Problem to solve ▸
Would you write out each line of the material below exactly, skipping every picture?

-------- Given material

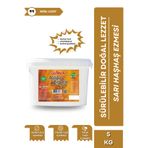 Gelincik Hamur Işlerinde Kahvaltılık Doğal Katkısız 5kg Özel Üretim Sarı Haşhaş Ezmesi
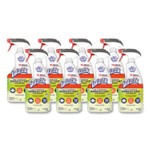 Fantastik Multi-Surface Disinfectant Degreaser, Herbal, 32 oz Spray Bottle, 8/Carton View Product Image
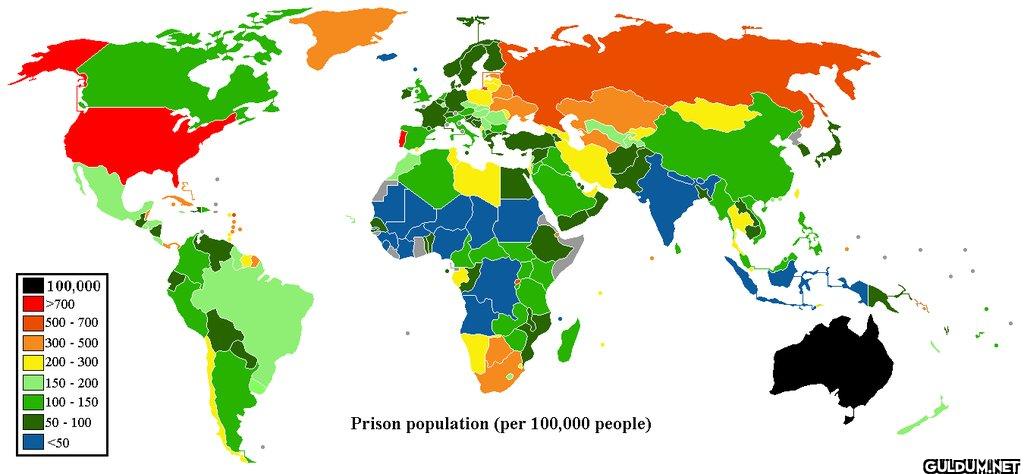 Prison population per...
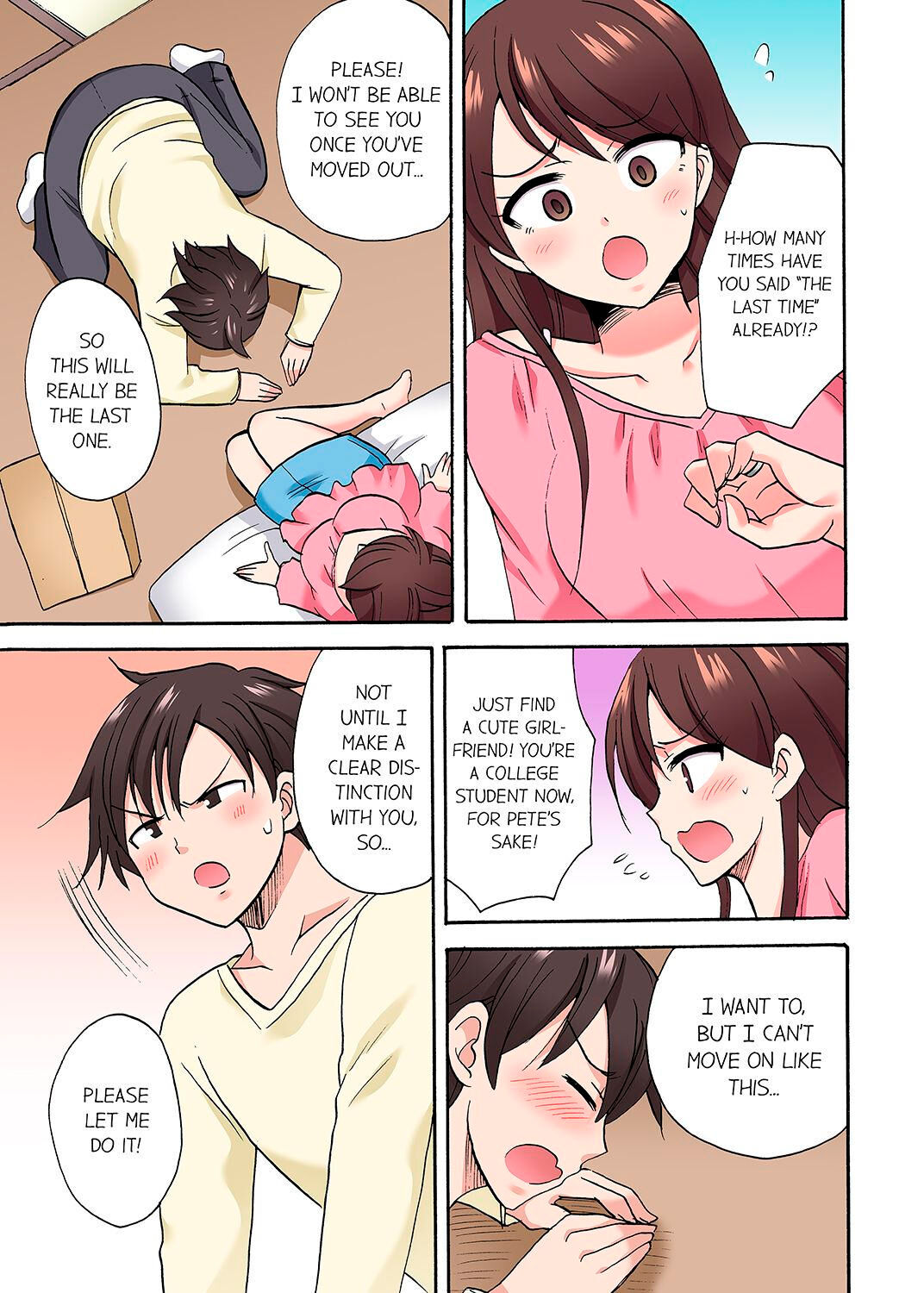 You Said Just the Tip… I Asked My Brother's Girlfriend to Have Sex With Me Without a Condom!! page 396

----------------

Answer to this exercise ▸
 Gelincik Hamur Işlerinde Kahvaltılık Doğal Katkısız 5kg Özel Üretim Sarı Haşhaş Ezmesi
 Fantastik Multi-Surface Disinfectant Degreaser, Herbal, 32 oz Spray Bottle, 8/Carton View Product Image
 Prison population per...
 You Said Just the Tip… I Asked My Brother's Girlfriend to Have Sex With Me Without a Condom!! page 396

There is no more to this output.